When should people wear face masks? How should businesses be screening for coronavirus? Are vaccinated people who get exposed to COVID required to quarantine?
All that and more is covered in New Hampshire's new document of COVID guidance, called the "Universal Best Practices." It offers "recommendations for all individuals, businesses, and organizations to consider and implement for the operation of their business" and replaces the "Safer at Home 2.0" business guidance that's been in place since March 2020, effective May 7.
Gov. Chris Sununu announced the release of the new document, which he characterized as a reminder of standing guidance, at his weekly briefing on the state's coronavirus response Thursday afternoon in Concord.
"We're just reemphasizing the most important parts of the guidance, mandates that we previously had in place," he said.
Read it on New Hampshire's COVID guidance website, or embedded below:
The state's vaccination drive continues, Sununu said, but "we're definitely seeing the demand plateau." That's due in part to so many people getting at least their first shot of the vaccine already -- more than 50% by the state's count, and even more than that by the state's count.
And the governor insisted that the state would keep working to vaccinate people regardless of whether there was much demand.
This Sunday, the state is holding three pop-up vaccination sites to distribute about 4,500 doses of the re-approved, single-dose Johnson & Johnson vaccine, one each in Concord, Nashua and Newington, Sununu said.

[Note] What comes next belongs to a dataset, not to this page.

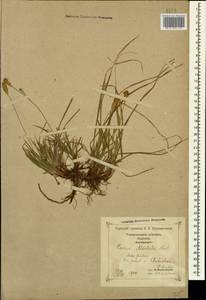 Carex michelii Host, Caucasus, Georgia (K4) (Georgia)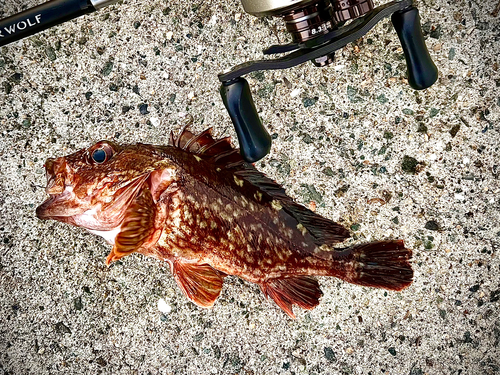 ガシラの釣果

People can sign-up by entering the locales' ZIP codes in the state's vaccine sign-up site, VINI.
More than 1 million doses of vaccine have been administered in New Hampshire, and more than half of the state's total population has received at least a first dose, according to Beth Daley, chief of the state bureau of infectious disease control.

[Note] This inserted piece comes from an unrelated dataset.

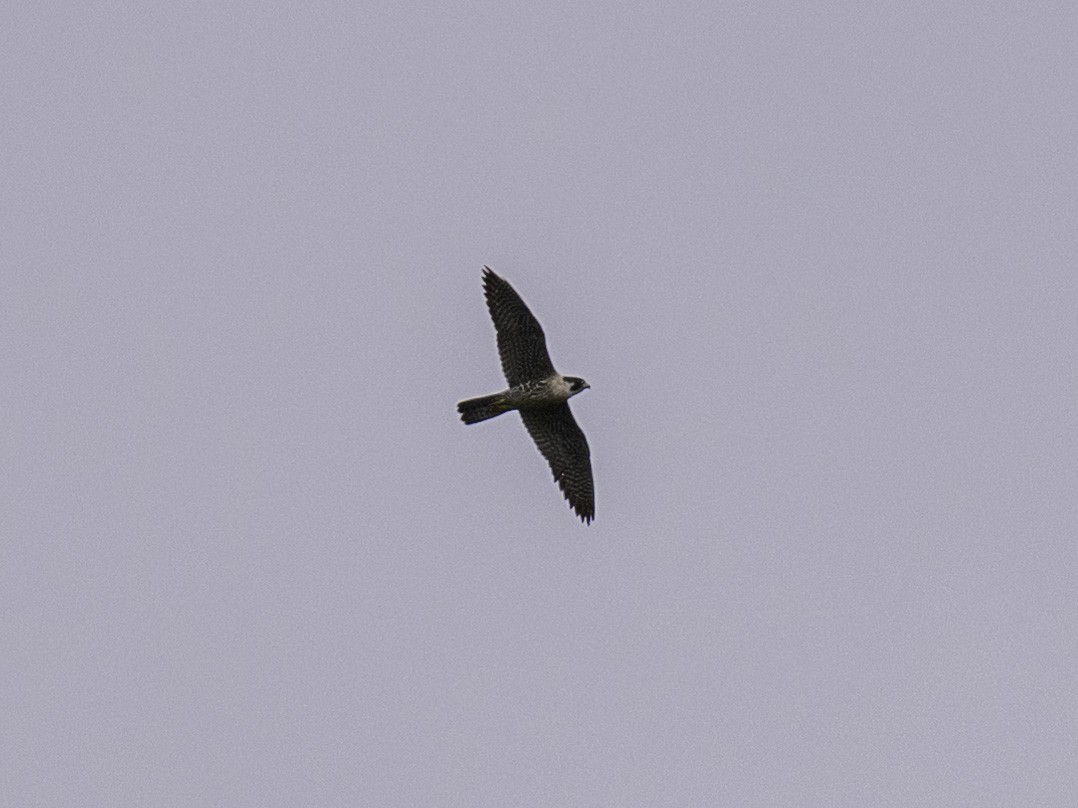 Peregrine Falcon - ML635330211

"Even if you think you're at low risk for severe infection, getting vaccinated will help keep you at work or in school, it prevents you from having to quarantine after an exposure and it will help to protect the people around you who may be more vulnerable," she said.
State workers will be back in offices by Monday, May 10, Sununu said.

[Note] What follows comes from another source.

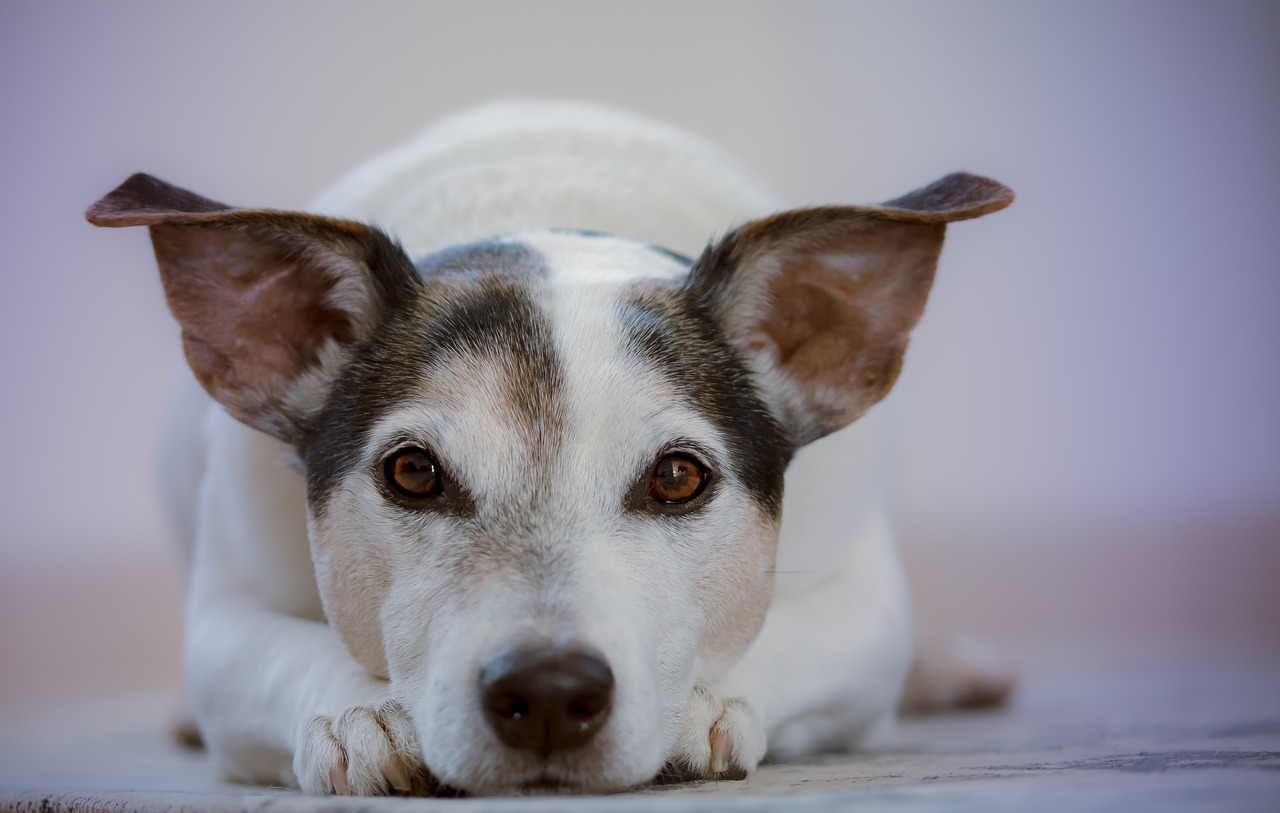 small dog crouched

"All agencies are getting the same message, we're not picking or choosing certain agencies or divisions or departments," he said. "We expect to be fully operational and in person, with buildings open to the public, with public access for the business transactions that have to happen one-on-one."
More than 94,000 people have tested positive for the virus in New Hampshire, including 298 cases announced Thursday. Five new deaths were announced, bringing the total to 1,301.
The seven-day rolling average of daily new cases in New Hampshire has decrease over the past two weeks, going from 435 on April 13 to 287 on Tuesday.
New Hampshire's mask mandate expired on Saturday, making it the first state in New England to no longer require people to wear masks. At the briefing last week, Sununu said, while no longer required, masks are still recommended and he still wears a mask when he goes out.
"I don't think a whole lot changes," he said. "I think our habits are pretty good and I think people understand the importance."
The measure did not not limit private businesses or cities and towns from requiring masks, and some places, like Nashua and Keene, kept their mandates in effect. Sununu said the state's other pandemic-related safety measures will lift on May 7, including retail and restaurant restrictions and the "Safer at Home" edict.
New Hampshire has also begun vaccinating people from out of state, but the number of those who have taken advantage of that opportunity has been "far less than we anticipated," Sununu said.